Eine Institution in Franken

Seit 25 Jahren kümmern sich die Martins schon um "Problemigel"; Jahr für Jahr werden es mehr. Inzwischen ist ihre Station eine feste Institution in ganz Franken, von überall her werden Igel hierhergebracht, sogar aus Kulmbach und Haßfurt, Fulda und Nürnberg, Bad Bocklet und Bamberg. Zum Glück ist das Hanggrundstück groß. Aber auch hier sind die Kapazitäten für Reisighaufen, Gehege und Igel-Häuser irgendwann erschöpft. "Ohne Helfer wie Brigitte Ales oder unsere Retzbacher Zweigstelle ginge es nicht mehr - und ohne Spender und Pflegefamilien, die beim Auswildern helfen, auch nicht."

So sehr sie die Igel auch mag, eines ist für "Igelmama" Gudrun oberste Prämisse: "Igel sind Wildtiere, wie Feldhase und Reh." Nur, wenn sie ohne menschliche Hilfe nicht überleben würden, dürfe man die unter Naturschutz stehenden Tiere in Obhut nehmen - und auch dann nur auf Zeit, um sie so artgerecht wie möglich gesund zu pflegen.

Heuer brauchen besonders viele Igel Hilfe. "Durch den extrem trockenen Sommer ist das Futter knapp geworden und viele Jungtiere sind unterernährt", sagt die Fachfrau. Auf der Suche nach Nahrung irren sie umher - gegen ihre Gewohnheit auch tagsüber. "Wenn man einen Igel beobachtet, der fit ist, dann soll man ihn einfach in Ruhe lassen oder ihn mit einem Schälchen Wasser - bitte keine Milch! - beziehungsweise etwas Katzennassfutter unterstützen", erklärt Gudrun Martin. "Aber wenn es einem Tier sichtlich schlecht geht oder es um diese Jahreszeit weniger als 300 Gramm wiegt, dann braucht es Hilfe.

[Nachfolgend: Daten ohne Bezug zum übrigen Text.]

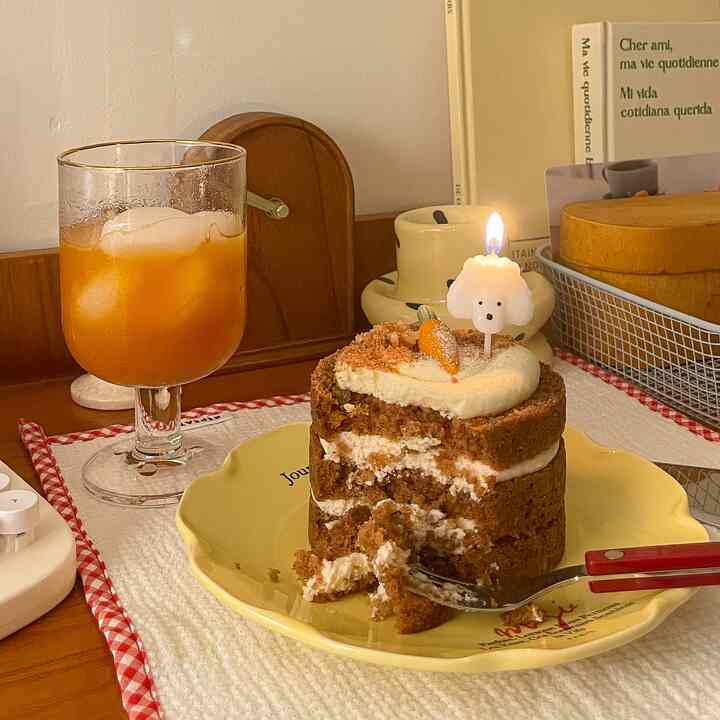 Cozy home cafe dining area featuring a yellow plate and transparent cup with gold rim on wooden table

Immer wieder erleben die Martins, dass Menschen nicht (mehr) wissen, was in der Natur normal ist und was nicht. "Ich verstehe zum Beispiel nicht, warum Leute, die ein Igelnest finden, unbedingt reinlangen müssen. Igel sind sehr sensibel. Falls die Mutter zurückkommt, wird sie ihre Jungen nicht mehr annehmen, wenn sie nach Mensch riechen." Andere machen sich einen Spaß daraus, Igel einzufangen, mit Salami oder Salat zu füttern - "das macht die Tiere krank" - und in Kartons zu setzen, als Haustier für die Kinder. "Es tut mir weh und ich werde stinksauer, wenn ich so etwas höre. Für jeden Igel ist es furchtbar, eingesperrt zu sein. Die drehen dann richtig durch. Und in einem Karton im Keller kann kein Igel überwintern, da stirbt er."

Woher die Martins das alles wissen? Vor 25 Jahren ging es ihnen wie dem freundlichen Mann, der das kranke Igelmädchen "Isabell" gefunden hat. Sie entdeckten am Straßenrand ein winziges, schwaches Igelkind. "Es ist den Gehsteig nicht mehr hochgekommen." Die Martins riefen im Tierheim an. "Die Frau dort kannte sich gut aus. Sie hat uns genau gesagt, was zu tun ist, um das Kleine aufzupäppeln", erinnert sich Herbert Martin. Also baute er sein erstes Igelgehege. "Das Tierheim freute sich - und brachte uns immer neue hilfsbedürftige Igel."
Heute stellt Herbert Martin die Baupläne der Gehege und Häuser auch anderen "Igelpaten" zum Nachbauen zur Verfügung. Wer Igeln helfen will, kann dies aber auch auf noch einfachere Art tun. Martin rät: "Einen Reisighaufen im Garten aufschichten und ein bisschen Laub drüberlegen - als Dach sozusagen. Das ist der optimale Winterschlafplatz. Und im nächsten Sommer kann er zum Geburtshaus werden."